- Data under study

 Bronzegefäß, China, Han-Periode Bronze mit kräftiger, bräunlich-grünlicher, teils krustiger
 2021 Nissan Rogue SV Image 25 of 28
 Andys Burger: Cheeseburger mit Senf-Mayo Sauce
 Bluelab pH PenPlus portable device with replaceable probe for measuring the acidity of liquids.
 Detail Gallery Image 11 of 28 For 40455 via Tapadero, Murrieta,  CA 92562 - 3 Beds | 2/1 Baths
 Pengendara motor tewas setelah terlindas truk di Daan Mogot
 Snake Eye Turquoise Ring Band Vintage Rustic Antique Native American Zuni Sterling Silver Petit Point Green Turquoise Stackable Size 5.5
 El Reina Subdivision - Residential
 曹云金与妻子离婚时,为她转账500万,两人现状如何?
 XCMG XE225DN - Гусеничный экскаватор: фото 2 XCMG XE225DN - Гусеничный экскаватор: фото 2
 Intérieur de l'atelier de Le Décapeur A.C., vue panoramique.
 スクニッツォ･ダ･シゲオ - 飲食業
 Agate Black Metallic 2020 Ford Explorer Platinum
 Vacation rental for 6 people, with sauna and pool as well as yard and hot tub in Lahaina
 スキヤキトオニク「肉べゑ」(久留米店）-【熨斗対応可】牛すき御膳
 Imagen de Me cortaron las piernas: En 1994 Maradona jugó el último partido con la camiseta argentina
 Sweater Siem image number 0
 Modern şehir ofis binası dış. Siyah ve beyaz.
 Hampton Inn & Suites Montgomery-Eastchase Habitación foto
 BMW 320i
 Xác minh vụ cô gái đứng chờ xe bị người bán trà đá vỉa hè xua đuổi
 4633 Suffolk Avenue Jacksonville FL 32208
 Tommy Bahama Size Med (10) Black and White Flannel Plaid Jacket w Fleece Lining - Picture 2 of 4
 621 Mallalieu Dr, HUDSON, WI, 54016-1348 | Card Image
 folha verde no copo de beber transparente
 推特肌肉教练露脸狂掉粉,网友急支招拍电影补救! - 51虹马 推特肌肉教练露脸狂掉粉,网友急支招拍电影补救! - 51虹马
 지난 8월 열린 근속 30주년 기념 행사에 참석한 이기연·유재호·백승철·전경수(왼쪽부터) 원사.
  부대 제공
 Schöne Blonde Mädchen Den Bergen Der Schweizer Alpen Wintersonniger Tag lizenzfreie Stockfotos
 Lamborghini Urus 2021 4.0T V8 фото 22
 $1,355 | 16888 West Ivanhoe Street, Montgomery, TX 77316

- Work required
Whenever a line above has the word "Montgomery" in it, copy that line.

- Response
 Hampton Inn & Suites Montgomery-Eastchase Habitación foto
 $1,355 | 16888 West Ivanhoe Street, Montgomery, TX 77316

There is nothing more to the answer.